When we first walked in, all of about 25 people were inside the former Warsaw, and up until ATR took the stage, we found ourselves wondering if everyone had instead chosen to attend the first Whiskey Wednesday at the new Fitzgerald's. Or maybe it's because the cover charge for the evening was $25, which must have lost a few would-be concertgoers at the door.

Balaclavas opened the show with moody, almost demonic-sounding noise. We weren't quite sure what we were listening to, but we knew we liked it and were happy we came to the show early. Unfortunately, almost no one was there to enjoy the set.

This was the same story for Weird Party, whose set was a bit livelier but just as underappreciated. Black Congress vocalist Bryan Jackson was all smiles before the show, stoked to be opening for ATR. A fan of the band's found it fitting that BC open, because he felt that they would get the crowd pumped for what was to come.

Black Congress took the stage and got the crowd going, but was adamant that no one buy their music. Jackson may have been all smiles offstage, but once he took hold of the microphone he became a different, darker, angrier person.

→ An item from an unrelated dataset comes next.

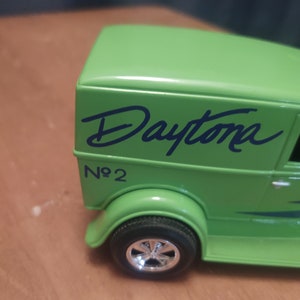 Puede incluir: Cami&oacute;n de reparto de juguete verde con la palabra "Daytona" escrita en negro en el lateral. El cami&oacute;n tiene una franja negra y el n&uacute;mero "No. 2" escrito en el lateral.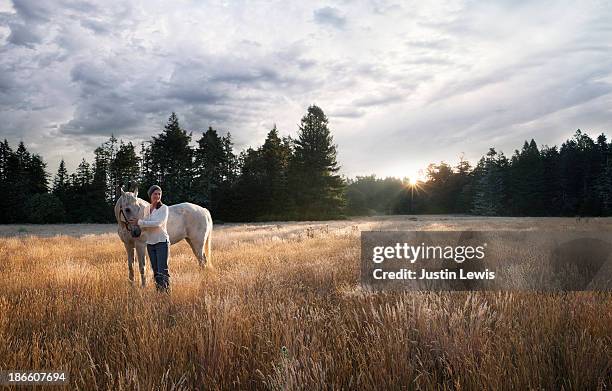 women with white horse in forest meadow at sunrise - 2013newwomen stock pictures, royalty-free photos & images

We weren't (and still aren't) sure if this was an onstage performance or if he was upset with the crowd's response to his band's music, but not knowing is half the fun. Maybe we'll ask one day.

All of these bands play a type of music that's probably better left unexplained. It's all experimental in its own way, and we can appreciate musicians who think outside the box. We hope that more Houstonians come to as well.

Personal Bias: From what we hear, all this music sounds like Nine Inch Nails meets The Prodigy meets angry, angry Houstonians. So yeah, we dig it.

Overheard in the crowd: "These bands suck. Why did we come here?"

Random Notebook Dump: If we continue covering live music, we need to invest in earplugs. A lot of them. We don't want to be deaf by 30.